Last updated: 2019-09-03

Knit directory: scFLASH/

In the previous analysis, I argued that it’s best to use a more sophisticated approach to calculating size factors (such as scran). It remains to choose a pseudocount. That is, letting \(X\) be the matrix of scaled counts, I consider the family of transformations \[ Y_{ij} = \log \left( X_{ij} + \alpha \right), \] which is, up to a constant, equivalent to the family of sparsity-preserving transformations \[ Y_{ij} = \log \left( \frac{X_{ij}}{\alpha} + 1 \right). \]

Typical choices of \(\alpha\) include 0.5 and 1. Aaron Lun has argued that a somewhat larger pseudocount should be used. Specifically, he proposes setting \[ \alpha = \min \left\{1, 1/s_\min - 1 / s_\max \right\}, \] where \(s_\min\) and \(s_\max\) are the smallest and largest size factors. Using the scran size factors from the previous analysis, this would yield \(\alpha = 3.14\) .

Here I consider a broader range of \(\alpha\), including pseudocounts that are much smaller (\(\alpha = 1/100\)) and larger (\(\alpha = 100\)) than are probably reasonable.
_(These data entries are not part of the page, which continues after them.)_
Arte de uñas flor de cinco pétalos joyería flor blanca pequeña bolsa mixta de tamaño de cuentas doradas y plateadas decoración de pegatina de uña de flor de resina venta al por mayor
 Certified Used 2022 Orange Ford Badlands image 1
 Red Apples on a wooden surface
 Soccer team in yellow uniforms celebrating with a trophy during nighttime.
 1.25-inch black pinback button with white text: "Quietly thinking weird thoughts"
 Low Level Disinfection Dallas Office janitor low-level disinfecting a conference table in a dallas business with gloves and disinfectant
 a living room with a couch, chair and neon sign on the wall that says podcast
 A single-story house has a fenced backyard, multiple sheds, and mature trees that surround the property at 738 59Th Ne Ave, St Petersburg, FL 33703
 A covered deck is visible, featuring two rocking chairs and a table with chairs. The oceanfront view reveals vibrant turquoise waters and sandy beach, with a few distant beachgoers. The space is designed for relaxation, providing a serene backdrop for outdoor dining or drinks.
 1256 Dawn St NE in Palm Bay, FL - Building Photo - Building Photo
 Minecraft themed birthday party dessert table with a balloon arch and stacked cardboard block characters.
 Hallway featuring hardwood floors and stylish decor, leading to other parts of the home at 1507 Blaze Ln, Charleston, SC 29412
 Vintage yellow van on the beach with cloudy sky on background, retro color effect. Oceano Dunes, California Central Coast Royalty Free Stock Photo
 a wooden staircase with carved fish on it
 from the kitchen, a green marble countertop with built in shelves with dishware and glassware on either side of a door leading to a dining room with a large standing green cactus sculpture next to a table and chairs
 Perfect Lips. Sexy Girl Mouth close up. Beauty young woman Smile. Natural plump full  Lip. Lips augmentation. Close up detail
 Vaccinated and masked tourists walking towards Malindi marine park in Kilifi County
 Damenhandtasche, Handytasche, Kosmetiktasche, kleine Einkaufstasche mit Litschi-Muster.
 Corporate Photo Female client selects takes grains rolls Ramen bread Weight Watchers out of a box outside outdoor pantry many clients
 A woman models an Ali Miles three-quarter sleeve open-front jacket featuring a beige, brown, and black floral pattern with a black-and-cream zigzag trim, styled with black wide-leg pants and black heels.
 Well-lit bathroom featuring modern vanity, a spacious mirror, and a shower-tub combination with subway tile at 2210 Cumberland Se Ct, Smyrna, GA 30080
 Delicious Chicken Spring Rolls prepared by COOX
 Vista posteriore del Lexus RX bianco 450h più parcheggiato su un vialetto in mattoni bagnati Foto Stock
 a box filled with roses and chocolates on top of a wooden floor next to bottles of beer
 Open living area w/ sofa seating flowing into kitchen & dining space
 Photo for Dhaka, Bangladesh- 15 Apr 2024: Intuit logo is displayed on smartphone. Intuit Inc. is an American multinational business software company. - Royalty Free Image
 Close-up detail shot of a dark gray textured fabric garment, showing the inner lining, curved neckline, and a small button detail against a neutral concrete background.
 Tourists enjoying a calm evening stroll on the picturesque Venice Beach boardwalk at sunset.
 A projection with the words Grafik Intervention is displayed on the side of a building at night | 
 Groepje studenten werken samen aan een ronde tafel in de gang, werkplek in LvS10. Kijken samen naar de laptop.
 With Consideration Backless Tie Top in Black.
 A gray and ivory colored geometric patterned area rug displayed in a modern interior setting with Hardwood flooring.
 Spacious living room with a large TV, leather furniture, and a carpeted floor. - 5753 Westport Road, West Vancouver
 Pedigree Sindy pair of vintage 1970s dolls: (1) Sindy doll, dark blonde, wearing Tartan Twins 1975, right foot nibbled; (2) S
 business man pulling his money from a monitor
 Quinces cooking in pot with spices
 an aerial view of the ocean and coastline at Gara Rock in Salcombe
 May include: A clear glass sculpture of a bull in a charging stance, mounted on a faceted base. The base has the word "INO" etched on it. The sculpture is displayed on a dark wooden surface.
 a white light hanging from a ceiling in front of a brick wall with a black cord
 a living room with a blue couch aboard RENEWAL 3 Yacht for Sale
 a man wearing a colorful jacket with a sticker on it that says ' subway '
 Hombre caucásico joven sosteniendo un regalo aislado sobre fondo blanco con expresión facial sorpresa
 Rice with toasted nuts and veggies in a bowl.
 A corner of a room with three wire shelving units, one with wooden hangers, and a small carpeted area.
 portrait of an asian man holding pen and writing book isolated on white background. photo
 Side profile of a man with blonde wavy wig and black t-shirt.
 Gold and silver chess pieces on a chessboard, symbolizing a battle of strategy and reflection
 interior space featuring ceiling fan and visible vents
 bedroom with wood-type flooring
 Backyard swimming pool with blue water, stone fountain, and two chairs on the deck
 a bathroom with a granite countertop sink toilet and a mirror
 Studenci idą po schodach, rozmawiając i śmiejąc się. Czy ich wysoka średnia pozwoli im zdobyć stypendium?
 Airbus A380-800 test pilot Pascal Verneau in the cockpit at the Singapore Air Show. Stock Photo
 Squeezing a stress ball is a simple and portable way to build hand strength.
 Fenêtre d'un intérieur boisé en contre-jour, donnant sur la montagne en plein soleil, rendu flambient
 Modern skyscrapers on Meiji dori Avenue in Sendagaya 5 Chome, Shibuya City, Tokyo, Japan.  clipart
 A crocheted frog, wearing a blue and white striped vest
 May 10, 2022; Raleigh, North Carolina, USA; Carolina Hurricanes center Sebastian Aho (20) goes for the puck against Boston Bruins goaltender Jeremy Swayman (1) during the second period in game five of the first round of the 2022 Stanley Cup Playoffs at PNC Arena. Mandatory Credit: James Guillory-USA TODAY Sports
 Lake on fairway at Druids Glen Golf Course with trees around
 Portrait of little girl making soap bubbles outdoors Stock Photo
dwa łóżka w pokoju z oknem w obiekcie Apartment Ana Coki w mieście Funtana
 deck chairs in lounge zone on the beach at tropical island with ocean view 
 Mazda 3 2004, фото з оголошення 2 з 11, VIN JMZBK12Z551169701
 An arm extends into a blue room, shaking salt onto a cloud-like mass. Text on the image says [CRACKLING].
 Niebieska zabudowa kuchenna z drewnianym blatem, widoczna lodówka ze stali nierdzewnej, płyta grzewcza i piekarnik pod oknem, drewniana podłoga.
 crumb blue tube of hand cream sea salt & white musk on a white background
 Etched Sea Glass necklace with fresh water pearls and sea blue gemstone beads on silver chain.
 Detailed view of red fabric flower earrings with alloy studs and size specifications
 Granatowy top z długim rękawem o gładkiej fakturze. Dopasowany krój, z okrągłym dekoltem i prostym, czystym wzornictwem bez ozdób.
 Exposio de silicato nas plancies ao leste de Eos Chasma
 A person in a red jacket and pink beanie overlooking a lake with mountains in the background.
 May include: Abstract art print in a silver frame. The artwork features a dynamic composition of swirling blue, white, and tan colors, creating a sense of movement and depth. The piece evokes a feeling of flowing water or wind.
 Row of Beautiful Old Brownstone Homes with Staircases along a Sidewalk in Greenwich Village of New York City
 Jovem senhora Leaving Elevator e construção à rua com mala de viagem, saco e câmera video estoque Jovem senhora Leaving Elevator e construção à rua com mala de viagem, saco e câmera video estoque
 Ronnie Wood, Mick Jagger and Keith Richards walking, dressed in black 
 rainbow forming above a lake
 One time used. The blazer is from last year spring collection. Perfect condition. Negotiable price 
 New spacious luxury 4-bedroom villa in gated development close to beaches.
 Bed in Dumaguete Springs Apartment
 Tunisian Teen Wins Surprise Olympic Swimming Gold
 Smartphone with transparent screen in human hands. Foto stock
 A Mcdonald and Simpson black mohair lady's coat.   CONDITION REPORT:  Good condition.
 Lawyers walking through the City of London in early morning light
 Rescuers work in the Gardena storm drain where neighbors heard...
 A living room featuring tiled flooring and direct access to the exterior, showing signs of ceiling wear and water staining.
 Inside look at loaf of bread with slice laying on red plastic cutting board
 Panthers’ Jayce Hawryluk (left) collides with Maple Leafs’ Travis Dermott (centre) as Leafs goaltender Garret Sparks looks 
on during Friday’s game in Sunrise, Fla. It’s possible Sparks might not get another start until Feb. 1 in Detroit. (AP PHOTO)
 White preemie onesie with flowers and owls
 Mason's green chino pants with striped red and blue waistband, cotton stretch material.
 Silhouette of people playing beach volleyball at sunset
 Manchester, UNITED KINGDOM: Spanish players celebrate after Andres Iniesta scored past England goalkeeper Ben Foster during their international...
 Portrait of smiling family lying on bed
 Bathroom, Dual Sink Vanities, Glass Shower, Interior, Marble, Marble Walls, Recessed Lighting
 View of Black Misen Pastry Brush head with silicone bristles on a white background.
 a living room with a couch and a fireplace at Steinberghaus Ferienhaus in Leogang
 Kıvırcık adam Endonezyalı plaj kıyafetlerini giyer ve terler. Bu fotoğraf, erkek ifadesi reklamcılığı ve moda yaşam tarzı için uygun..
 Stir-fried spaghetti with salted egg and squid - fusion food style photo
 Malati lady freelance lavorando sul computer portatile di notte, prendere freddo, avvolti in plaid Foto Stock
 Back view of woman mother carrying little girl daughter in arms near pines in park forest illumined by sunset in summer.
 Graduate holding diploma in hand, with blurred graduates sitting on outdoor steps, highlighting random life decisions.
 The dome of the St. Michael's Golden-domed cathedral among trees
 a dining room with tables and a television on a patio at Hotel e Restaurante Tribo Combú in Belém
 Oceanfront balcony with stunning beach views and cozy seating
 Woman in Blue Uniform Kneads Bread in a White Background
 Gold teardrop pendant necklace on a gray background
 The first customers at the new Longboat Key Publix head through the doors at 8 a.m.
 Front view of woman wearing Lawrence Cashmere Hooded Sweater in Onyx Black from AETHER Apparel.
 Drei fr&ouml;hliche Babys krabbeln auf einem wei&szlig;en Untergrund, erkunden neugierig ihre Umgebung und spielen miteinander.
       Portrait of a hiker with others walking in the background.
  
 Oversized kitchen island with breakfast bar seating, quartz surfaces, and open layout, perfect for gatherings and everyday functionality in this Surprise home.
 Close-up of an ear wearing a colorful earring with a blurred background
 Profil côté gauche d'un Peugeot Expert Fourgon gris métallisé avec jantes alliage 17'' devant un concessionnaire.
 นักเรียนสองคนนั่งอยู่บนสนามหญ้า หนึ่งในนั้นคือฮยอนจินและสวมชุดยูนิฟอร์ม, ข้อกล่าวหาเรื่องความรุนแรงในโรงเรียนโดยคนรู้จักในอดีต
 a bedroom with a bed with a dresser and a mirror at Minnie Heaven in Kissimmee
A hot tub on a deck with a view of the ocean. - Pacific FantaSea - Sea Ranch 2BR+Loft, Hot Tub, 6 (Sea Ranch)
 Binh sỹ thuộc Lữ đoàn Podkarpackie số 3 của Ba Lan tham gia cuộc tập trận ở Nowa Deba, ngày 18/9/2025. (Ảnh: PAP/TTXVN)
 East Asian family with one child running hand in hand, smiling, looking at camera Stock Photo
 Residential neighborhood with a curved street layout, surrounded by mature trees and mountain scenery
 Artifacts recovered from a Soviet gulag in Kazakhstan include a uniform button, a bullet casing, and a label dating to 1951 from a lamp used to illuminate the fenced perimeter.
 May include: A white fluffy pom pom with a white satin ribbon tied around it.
droplet <- readRDS("./data/droplet.rds")
droplet <- preprocess.droplet(droplet)
res <- readRDS("./output/pseudocount/pseudocount_fits.rds")

Previous results

In a previous exploration of pseudocounts, I made the following observations:

  • The ELBO is monotonically decreasing as a function of the pseudocount.
  • Comparing fits by randomly deleting data, imputing the missing values, and then calculating the Spearman rank correlation between the imputed and true values suggests that an \(\alpha\) between 0.35 and 1 is best.
  • Smaller pseudocounts will more strongly shrink small counts, while larger pseudocounts more strongly shrink large counts. The transition between “small” and “large” counts is around 10.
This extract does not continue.